PROBLEM DESCRIPTION>
Reproduce exactly the lines below, from the first through the one containing "żoną i dzieckiem", and nothing more.

»»

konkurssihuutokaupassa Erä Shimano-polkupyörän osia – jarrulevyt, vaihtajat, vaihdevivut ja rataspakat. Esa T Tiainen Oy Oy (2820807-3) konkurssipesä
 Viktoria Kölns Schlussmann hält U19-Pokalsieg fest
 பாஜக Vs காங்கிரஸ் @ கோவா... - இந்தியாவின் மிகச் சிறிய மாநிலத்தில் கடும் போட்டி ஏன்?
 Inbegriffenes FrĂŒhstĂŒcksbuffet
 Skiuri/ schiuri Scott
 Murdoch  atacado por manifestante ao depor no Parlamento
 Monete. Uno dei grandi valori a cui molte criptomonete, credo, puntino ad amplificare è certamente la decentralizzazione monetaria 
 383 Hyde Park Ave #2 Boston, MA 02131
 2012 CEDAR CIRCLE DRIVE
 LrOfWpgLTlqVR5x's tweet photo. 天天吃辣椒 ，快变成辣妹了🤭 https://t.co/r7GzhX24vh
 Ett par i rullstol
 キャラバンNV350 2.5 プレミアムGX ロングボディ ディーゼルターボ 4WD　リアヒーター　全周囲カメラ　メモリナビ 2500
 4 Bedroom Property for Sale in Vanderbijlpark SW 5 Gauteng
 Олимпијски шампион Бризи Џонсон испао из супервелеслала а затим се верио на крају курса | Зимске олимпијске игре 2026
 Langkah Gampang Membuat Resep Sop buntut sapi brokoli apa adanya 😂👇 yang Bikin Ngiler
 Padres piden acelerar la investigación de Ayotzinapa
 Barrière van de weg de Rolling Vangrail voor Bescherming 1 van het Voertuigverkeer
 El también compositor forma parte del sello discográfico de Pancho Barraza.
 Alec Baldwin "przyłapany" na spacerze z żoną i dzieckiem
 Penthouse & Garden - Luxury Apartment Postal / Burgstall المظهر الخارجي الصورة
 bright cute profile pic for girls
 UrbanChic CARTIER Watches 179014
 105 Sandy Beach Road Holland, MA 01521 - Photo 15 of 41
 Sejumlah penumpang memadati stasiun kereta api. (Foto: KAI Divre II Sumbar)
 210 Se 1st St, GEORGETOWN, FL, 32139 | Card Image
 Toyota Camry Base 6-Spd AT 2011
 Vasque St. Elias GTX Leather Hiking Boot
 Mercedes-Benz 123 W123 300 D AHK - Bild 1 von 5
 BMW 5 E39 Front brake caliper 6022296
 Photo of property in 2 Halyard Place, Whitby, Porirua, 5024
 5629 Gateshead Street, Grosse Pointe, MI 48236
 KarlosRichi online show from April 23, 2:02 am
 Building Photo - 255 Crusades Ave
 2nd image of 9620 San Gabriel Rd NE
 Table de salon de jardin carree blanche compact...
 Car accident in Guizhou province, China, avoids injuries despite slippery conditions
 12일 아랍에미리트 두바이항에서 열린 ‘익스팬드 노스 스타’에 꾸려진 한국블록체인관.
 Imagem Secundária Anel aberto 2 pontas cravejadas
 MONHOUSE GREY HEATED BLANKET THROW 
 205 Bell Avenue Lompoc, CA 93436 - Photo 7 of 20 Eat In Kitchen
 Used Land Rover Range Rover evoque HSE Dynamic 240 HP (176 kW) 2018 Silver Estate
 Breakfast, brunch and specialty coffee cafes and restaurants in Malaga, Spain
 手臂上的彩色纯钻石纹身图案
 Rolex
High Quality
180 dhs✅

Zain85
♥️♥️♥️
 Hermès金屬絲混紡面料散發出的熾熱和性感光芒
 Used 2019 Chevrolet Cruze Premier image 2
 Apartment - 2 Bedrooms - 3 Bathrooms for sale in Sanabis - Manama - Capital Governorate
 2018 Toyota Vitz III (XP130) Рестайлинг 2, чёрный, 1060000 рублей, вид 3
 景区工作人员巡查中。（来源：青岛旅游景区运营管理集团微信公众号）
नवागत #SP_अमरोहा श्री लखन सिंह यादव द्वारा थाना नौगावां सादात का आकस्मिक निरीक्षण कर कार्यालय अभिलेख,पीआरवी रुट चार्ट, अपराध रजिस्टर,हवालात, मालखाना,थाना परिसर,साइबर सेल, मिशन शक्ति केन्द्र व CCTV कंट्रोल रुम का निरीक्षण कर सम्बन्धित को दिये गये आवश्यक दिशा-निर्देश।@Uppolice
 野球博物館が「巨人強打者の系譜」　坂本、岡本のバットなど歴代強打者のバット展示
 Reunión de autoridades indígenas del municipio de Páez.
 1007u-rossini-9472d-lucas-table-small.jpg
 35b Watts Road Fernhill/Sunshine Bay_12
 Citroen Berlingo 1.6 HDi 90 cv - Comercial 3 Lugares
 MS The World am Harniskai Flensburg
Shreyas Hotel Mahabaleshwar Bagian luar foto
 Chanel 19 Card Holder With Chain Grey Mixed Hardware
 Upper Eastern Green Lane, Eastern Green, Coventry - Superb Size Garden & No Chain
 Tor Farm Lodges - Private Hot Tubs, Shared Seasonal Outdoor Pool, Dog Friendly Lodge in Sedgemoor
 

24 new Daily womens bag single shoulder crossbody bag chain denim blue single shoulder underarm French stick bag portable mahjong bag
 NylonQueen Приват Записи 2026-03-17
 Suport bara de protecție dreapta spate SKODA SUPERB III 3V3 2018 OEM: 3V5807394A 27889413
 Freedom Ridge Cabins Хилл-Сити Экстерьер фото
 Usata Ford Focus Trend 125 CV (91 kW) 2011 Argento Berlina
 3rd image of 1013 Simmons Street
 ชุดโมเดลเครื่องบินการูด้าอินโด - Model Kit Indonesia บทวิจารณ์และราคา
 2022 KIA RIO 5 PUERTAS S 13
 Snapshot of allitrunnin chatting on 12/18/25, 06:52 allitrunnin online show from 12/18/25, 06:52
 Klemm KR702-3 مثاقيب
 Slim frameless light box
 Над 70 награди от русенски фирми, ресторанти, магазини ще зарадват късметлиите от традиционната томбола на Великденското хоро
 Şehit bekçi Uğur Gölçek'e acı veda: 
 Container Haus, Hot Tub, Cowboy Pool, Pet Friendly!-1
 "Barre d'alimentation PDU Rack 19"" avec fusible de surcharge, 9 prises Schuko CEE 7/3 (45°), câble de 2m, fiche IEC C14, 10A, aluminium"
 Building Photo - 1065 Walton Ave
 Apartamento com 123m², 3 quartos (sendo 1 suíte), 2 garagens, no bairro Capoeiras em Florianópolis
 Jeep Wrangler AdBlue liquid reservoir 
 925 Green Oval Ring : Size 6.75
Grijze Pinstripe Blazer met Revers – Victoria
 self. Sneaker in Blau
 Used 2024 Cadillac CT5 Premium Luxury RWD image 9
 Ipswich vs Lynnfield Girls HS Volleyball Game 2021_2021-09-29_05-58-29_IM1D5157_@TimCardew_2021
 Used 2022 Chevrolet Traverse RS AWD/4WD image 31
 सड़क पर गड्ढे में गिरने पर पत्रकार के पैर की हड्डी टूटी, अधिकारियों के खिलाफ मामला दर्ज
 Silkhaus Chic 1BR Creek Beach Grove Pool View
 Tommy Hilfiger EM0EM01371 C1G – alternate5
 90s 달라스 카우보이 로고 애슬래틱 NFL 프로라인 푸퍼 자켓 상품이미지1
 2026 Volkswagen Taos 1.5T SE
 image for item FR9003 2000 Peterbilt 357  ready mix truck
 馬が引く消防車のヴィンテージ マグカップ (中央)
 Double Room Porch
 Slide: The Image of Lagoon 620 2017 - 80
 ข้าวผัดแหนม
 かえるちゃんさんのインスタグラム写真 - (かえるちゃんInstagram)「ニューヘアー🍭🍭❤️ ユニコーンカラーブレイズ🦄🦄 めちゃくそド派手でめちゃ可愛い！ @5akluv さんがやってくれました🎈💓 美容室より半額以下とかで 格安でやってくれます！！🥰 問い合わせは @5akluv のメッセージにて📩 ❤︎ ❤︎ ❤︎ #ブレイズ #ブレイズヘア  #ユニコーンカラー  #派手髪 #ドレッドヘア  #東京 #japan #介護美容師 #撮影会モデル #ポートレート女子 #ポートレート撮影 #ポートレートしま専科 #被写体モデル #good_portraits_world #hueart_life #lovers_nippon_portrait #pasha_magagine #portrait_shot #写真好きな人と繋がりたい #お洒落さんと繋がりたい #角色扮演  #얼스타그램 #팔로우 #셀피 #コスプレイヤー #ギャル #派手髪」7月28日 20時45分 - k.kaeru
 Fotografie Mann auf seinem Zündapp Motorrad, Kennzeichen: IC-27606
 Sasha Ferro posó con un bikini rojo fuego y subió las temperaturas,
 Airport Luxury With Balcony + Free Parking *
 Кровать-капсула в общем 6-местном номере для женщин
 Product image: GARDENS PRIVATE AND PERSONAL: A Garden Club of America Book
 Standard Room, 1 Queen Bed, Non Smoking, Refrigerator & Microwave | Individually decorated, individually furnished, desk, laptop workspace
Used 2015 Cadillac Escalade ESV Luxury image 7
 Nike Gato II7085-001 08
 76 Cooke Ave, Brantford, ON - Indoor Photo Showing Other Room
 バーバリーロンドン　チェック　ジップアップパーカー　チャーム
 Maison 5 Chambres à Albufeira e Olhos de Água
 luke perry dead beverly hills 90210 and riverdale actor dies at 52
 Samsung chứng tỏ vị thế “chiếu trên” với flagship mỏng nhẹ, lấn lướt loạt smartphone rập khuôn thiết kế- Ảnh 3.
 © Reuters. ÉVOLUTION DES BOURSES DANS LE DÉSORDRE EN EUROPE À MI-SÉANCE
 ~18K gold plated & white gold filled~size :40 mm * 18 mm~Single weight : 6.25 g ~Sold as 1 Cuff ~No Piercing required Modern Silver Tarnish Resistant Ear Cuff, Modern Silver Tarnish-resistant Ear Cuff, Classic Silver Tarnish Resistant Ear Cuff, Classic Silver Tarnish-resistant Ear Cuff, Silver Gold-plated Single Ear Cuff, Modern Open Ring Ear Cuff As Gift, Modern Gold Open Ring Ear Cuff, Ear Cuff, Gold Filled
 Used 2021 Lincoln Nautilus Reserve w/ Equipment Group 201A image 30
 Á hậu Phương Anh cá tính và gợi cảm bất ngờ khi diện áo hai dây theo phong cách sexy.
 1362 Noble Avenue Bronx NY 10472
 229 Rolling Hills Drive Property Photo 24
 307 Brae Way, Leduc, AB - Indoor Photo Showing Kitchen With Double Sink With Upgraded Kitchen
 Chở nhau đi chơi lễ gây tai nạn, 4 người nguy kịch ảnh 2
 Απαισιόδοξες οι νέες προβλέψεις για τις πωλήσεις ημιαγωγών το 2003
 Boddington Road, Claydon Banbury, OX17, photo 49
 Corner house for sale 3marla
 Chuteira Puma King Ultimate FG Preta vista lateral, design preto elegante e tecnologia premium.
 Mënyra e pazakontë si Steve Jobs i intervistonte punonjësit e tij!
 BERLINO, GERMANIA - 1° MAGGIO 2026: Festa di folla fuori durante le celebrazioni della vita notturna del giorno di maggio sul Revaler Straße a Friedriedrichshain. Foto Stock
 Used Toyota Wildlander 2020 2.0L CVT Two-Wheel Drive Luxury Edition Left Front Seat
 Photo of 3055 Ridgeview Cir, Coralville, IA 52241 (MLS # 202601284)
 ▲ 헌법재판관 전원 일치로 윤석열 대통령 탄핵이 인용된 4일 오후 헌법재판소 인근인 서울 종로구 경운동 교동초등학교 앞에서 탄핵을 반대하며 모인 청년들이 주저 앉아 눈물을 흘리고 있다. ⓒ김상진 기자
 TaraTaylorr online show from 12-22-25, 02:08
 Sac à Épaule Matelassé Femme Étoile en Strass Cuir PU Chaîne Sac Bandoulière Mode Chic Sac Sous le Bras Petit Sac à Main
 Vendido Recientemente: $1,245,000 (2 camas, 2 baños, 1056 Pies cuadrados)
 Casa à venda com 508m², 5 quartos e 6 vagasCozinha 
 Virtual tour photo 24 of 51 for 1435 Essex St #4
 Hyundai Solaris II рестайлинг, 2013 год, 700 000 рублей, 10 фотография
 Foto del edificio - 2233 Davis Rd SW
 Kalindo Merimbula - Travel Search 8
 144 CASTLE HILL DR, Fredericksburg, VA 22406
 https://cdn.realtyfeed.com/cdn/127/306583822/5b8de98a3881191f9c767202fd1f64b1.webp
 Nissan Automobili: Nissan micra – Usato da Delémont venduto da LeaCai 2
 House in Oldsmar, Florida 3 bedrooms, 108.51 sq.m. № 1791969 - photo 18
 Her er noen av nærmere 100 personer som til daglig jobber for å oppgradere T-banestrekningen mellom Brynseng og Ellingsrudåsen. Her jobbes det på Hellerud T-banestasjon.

««

RESULT OF THE EXERCISE>
konkurssihuutokaupassa Erä Shimano-polkupyörän osia – jarrulevyt, vaihtajat, vaihdevivut ja rataspakat. Esa T Tiainen Oy Oy (2820807-3) konkurssipesä
 Viktoria Kölns Schlussmann hält U19-Pokalsieg fest
 பாஜக Vs காங்கிரஸ் @ கோவா... - இந்தியாவின் மிகச் சிறிய மாநிலத்தில் கடும் போட்டி ஏன்?
 Inbegriffenes FrĂŒhstĂŒcksbuffet
 Skiuri/ schiuri Scott
 Murdoch  atacado por manifestante ao depor no Parlamento
 Monete. Uno dei grandi valori a cui molte criptomonete, credo, puntino ad amplificare è certamente la decentralizzazione monetaria 
 383 Hyde Park Ave #2 Boston, MA 02131
 2012 CEDAR CIRCLE DRIVE
 LrOfWpgLTlqVR5x's tweet photo. 天天吃辣椒 ，快变成辣妹了🤭 https://t.co/r7GzhX24vh
 Ett par i rullstol
 キャラバンNV350 2.5 プレミアムGX ロングボディ ディーゼルターボ 4WD　リアヒーター　全周囲カメラ　メモリナビ 2500
 4 Bedroom Property for Sale in Vanderbijlpark SW 5 Gauteng
 Олимпијски шампион Бризи Џонсон испао из супервелеслала а затим се верио на крају курса | Зимске олимпијске игре 2026
 Langkah Gampang Membuat Resep Sop buntut sapi brokoli apa adanya 😂👇 yang Bikin Ngiler
 Padres piden acelerar la investigación de Ayotzinapa
 Barrière van de weg de Rolling Vangrail voor Bescherming 1 van het Voertuigverkeer
 El también compositor forma parte del sello discográfico de Pancho Barraza.
 Alec Baldwin "przyłapany" na spacerze z żoną i dzieckiem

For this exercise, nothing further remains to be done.